Fundacja Mam Marzenie szuka wolontariuszy
Poczuć się jak piłkarz i wspólnie z Robertem Lewandowskim na murawie strzelać bramki, zostać żołnierzem, czy księżniczką na zamku – to tylko niektóre z marzeń ciężko chorych dzieci.
W Bliższych spotkaniach rozmawialiśmy o spełnianiu marzeń dzieci cierpiących na choroby zagrażające ich życiu.
Niestety na Warmii i Mazurach brakuje wolontariuszy, którzy chcieliby pomagać w realizacji – często bardzo prostych, a jakże pięknych – marzeń i życzeń chorych.
Marzena Górska-Zwolińska, koordynatorka Olsztyńskiego Oddziału Fundacji Mam Marzenie była gościem Izabeli Malewskiej.
I. Malewska: Kiedy usłyszałam, że na Warmii i Mazurach Fundacja Mam Marzenia ma zaledwie czterech wolontariuszy, to nie ukrywam – byłam trochę zdziwiona, zaskoczona. W innych województwach ta sytuacja wygląda zupełnie inaczej. Tam jest kilkanaście osób zrzeszonych w ramach fundacji. Skąd u nas taki problem?
M. Górska-Zwolińska: Trudno mi jest powiedzieć. Może dlatego, że nasza praca jest dosyć mocno obciążająca. Tak, jak pani wspomniała, mamy do czynienia z dziećmi, które są w takich dosyć krytycznych sytuacjach życiowych, ważnych, trudnych. A może moda na wolontariat powolutku wygasa? Wierzymy bardzo mocno, że uda nam się to przywrócić, dlatego cały czas pracujemy nad tym, żeby w nasze szeregi włączyć osoby o dobrych sercach.
I. Malewska: No właśnie, trzeba mieć dobre serce, być kreatywnym, bo marzenia dzieci są przeróżne. Często te marzenia muszą być realizowane poza granicami naszego województwa?
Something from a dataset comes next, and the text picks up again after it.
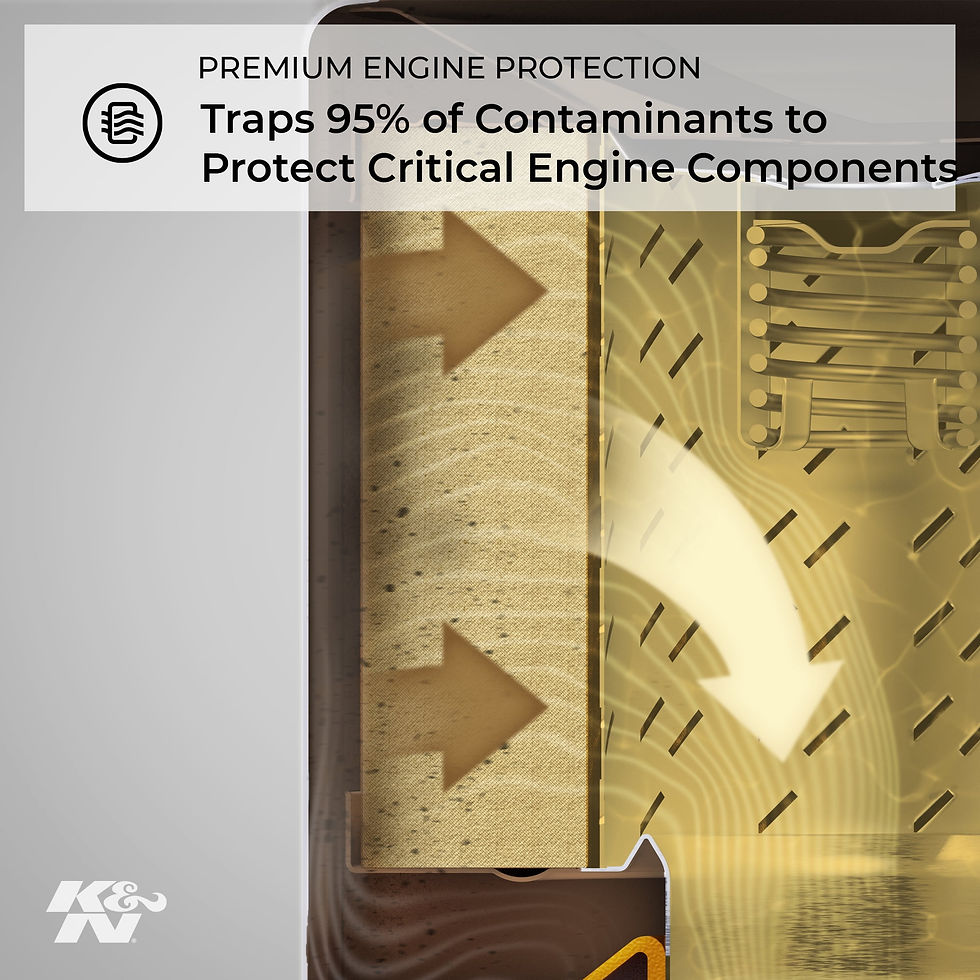 Thumbnail: K&N Premium Oil Filter: Designed to Protect your Engine: Fits Select LEXUS/..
M. Górska-Zwolińska: Zgadza się. Mieliśmy takie marzenie spełnione w przeddzień dnia dziecka. Chłopiec marzył, żeby wziąć udział w wyścigach samochodowych, w których będzie jechał Ford Mustang GT. To marzenie spełnialiśmy z pomocą Poznania i toru Poznań, który zaprosił nas na swoją imprezę. Tam Radek miał okazję wsiąść do swojego wymarzonego Mustanga i przejechać się po torze głównym, a także przejechać się jeszcze wieloma innymi maszynami, których nazwy jest mi trudno teraz zacytować. Na pewno wspaniałe spełnienie, które połączyło siły wielu wolontariuszy i wielu oddziałów.
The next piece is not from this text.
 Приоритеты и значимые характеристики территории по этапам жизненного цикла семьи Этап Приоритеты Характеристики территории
I. Malewska: Jako mama pewnie jest pani szczególnie uwrażliwiona na cierpienie dzieci i szczególnie otwarta na ich takie piękne marzenia. Często, nie są to marzenia trudne do zrealizowania, ale potrzebne są te ręce do pracy wolontariackiej?
M. Górska-Zwolińska: Tak, to prawda. Bycie rodzicem, rodzicielstwo, bardzo zmienia tę wrażliwość na cierpienie innych, zwłaszcza dzieci. Wcześniej miałam się za osobę, której nie brakuje empatii, ale w tej chwili posiadanie własnego dziecka powoduje, że jeszcze bardziej odczuwa się to dotkliwie.
Wszyscy chętni do pracy wolontariackiej mogą przyjść na zebranie, które odbędzie się w najbliższą sobotę o godzinie 11 w Miejskim Ośrodku Kultury przy ulicy Dąbrowszczaków 3.
Posłuchaj całej rozmowy
Wolontariat z roku na rok cieszy się coraz większa popularnością, choć są stowarzyszenia i fundacje, w których cały czas brakuje rąk do pracy. Mówiła o tym Barbara Wideńska z Olsztyńskiego Centrum Wolontariatu „Spinacz”.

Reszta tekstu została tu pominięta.